The whole set peaked and dipped at exactly the right moments, with lush, emotive pieces such as Lost And Found, which featured an uber-cool pulsing wave emanating across pools of lava each time there was a clap in the track
ISAM Live: Beyond 3D was more than just the playing of Amon Tobin's latest album with some obligatory trippy visuals added. It was a clearly well-planned, deeply though-out project that intended to make ISAM an experience (even on subsequent listens at home without the stage setup) rather than simply an album. And it definitely achieved that. Every single layer of sound, from the crushing kick drums to the eye-wobbling sub bass and crisp, clean, processed field recordings came to life through the Opera House's crystal clear system, while the giant “Tetris-game-on-acid-multiple-cubes-cage-of-death” had mind-bending visuals projected onto every surface of it, with even the most minute of details syncing up with some aspect of the music.

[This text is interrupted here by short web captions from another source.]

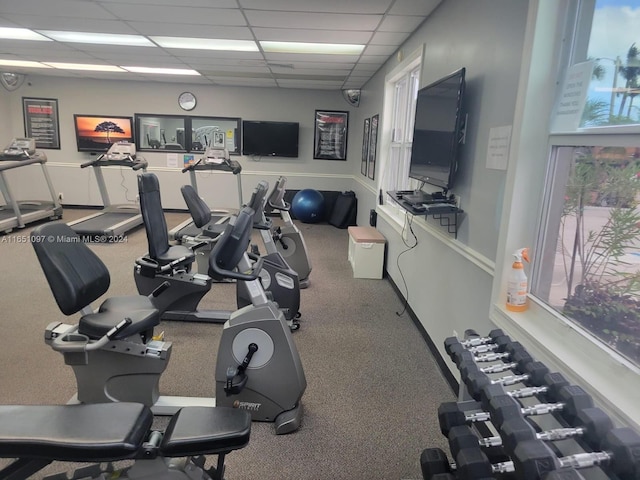 workout area featuring a paneled ceiling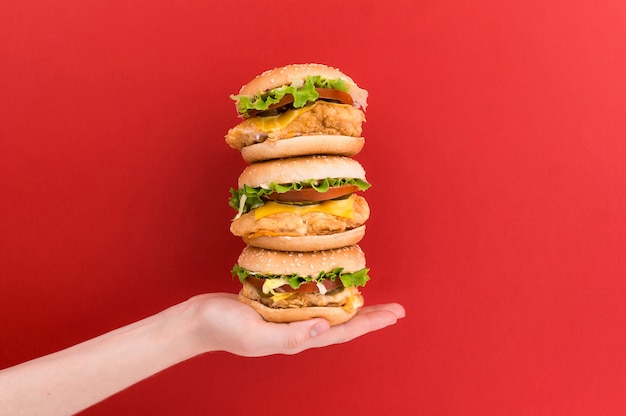 Vrouwelijke hand houdt een piramide van drie hamburgers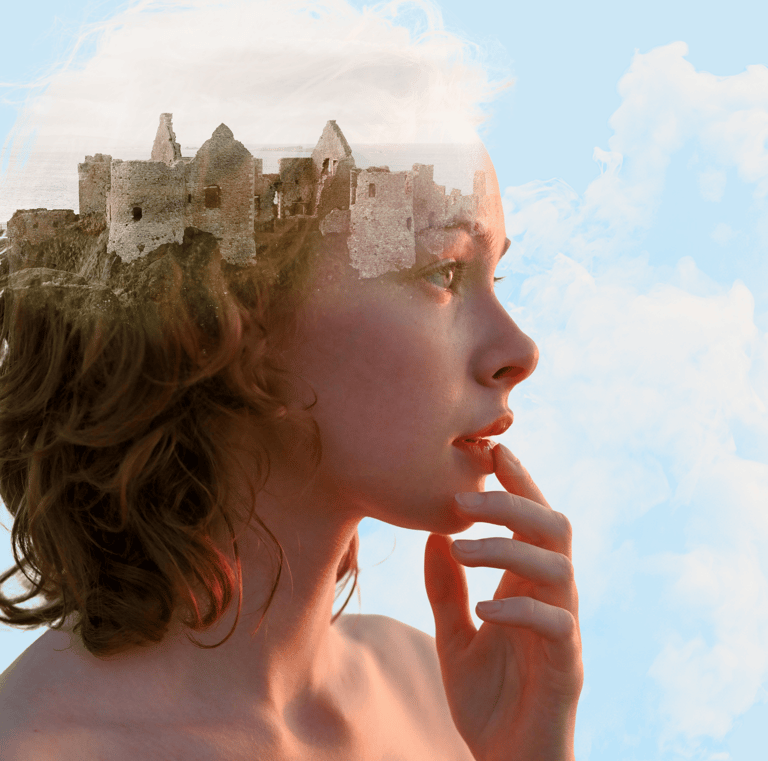 Ethereal double exposure edit of Irish castle over redheaded woman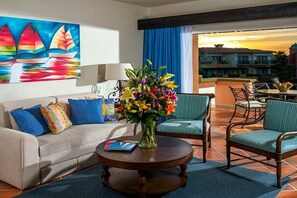 A hotel room with a sofa, a round wooden table, a vase of flowers, and a painting of sailboats.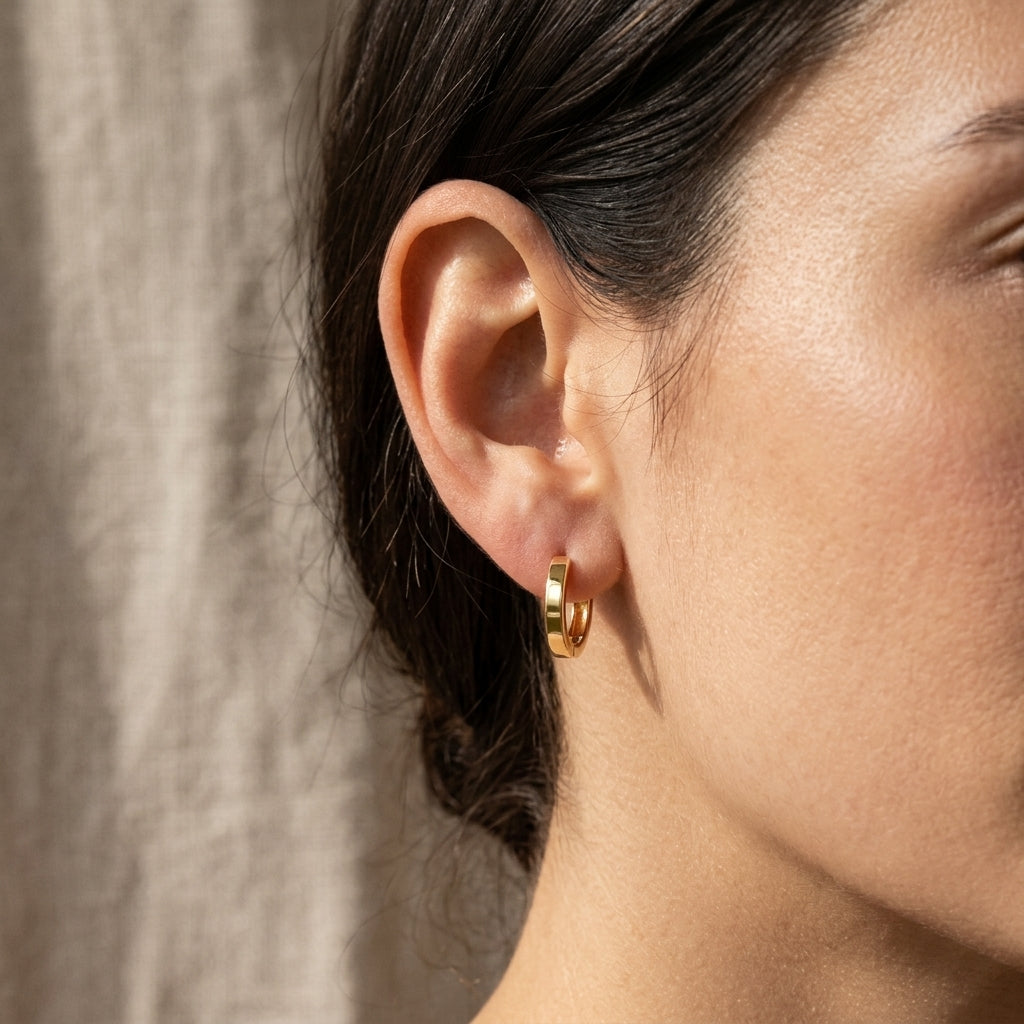 High-resolution image of 14k gold huggie hoop earring on textured linen, featuring warm lighting that emphasizes the gold tone and surface details.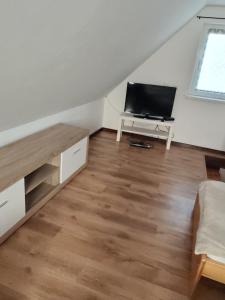 a living room with a flat screen tv in the attic at Domek u Ewy w Spychowie in Spychowo +3 photos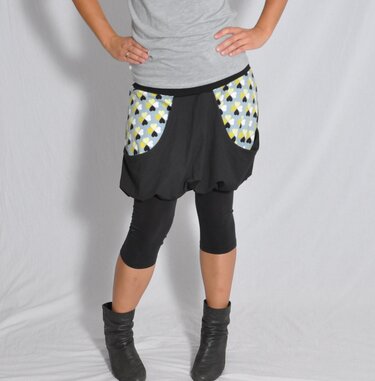 Kurzer schwarzer Ballonrock mit großen aufgesetzten Taschen im Herzmuster, kombiniert mit schwarzen 3/4-Leggings und Stiefeletten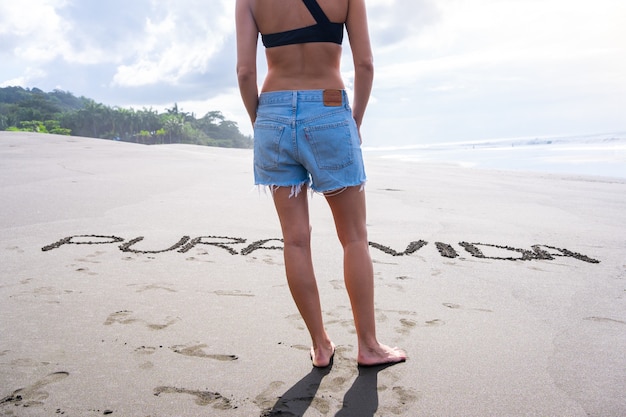 Lichaam van een vrouw in zomerkleren die voor brieven in het zand van een strand staat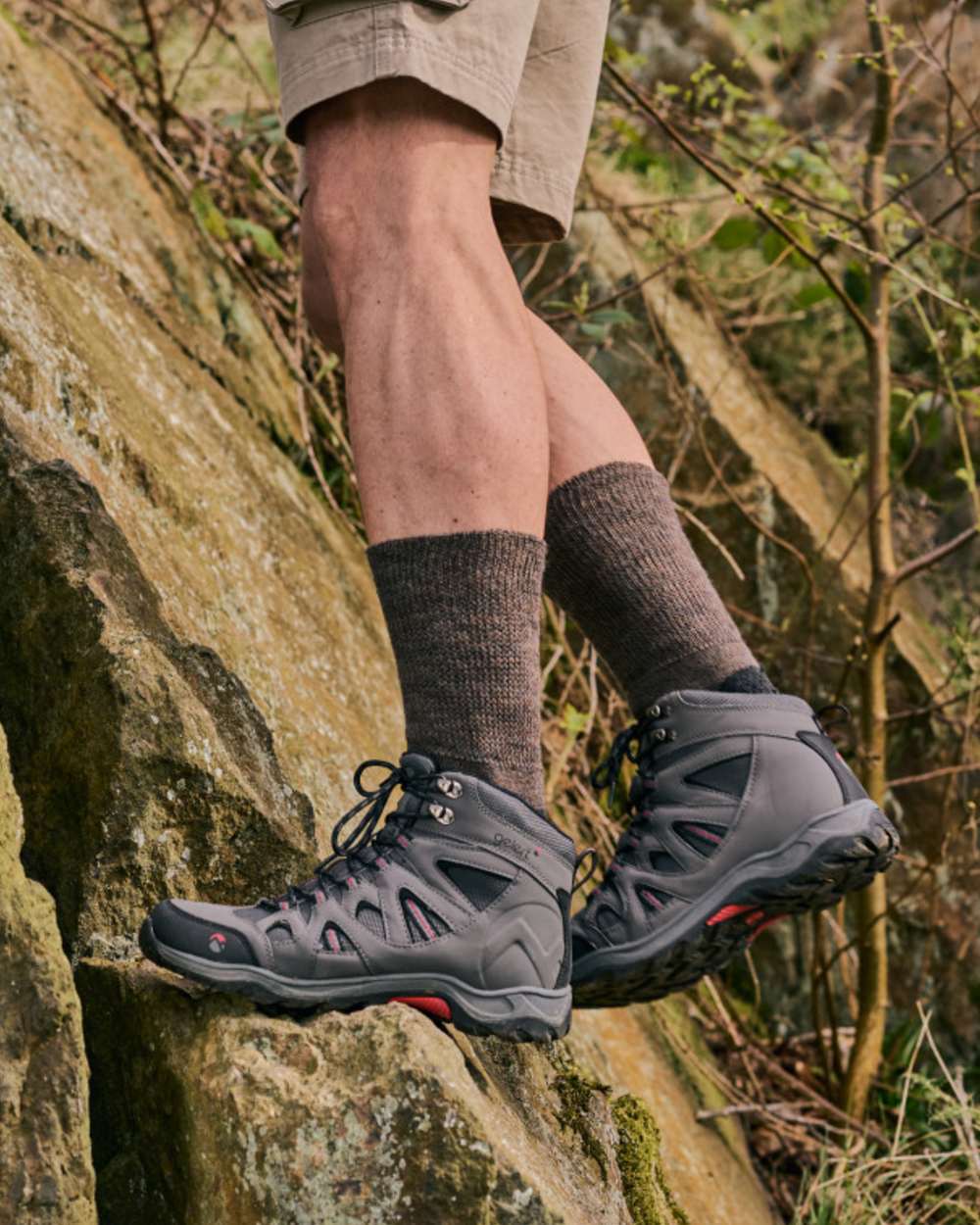 Brown coloured HJ Hall Technical Rambler Comfort Top Thermal Wool Socks on mountain background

Most of ISAM was played in the order it appears on the album, occasionally interspersed with older material, but regardless of its age, pretty much every track was heavily edited and reworked so as to give the performance a unique feeling. Journeyman opened the show beautifully, with a series of electrical sparks snaking up from the floor, simulating the show “powering up”, while Horsefish (Live Mix) rounded out the second encore in a flurry of plucked strings and cubes forming and collapsing until they crumbled and blew off stage, engulfed in blue flames. The whole set peaked and dipped at exactly the right moments, with lush, emotive pieces such as Lost And Found, which featured an uber-cool pulsing wave emanating across pools of lava each time there was a clap in the track, providing downtime between heavy monsters like Mass And Spring, complete with visuals of pounding hydraulic machinery every time the bass thundered through the speakers.
And if that wasn't enough, two encores, one of which was entirely comprised of Tobin DJing hard drum'n'bass (ten points for Limewax's One Of Them), meant nobody left feeling they didn't get their money's worth. The bar has been set for combined audio-visual shows.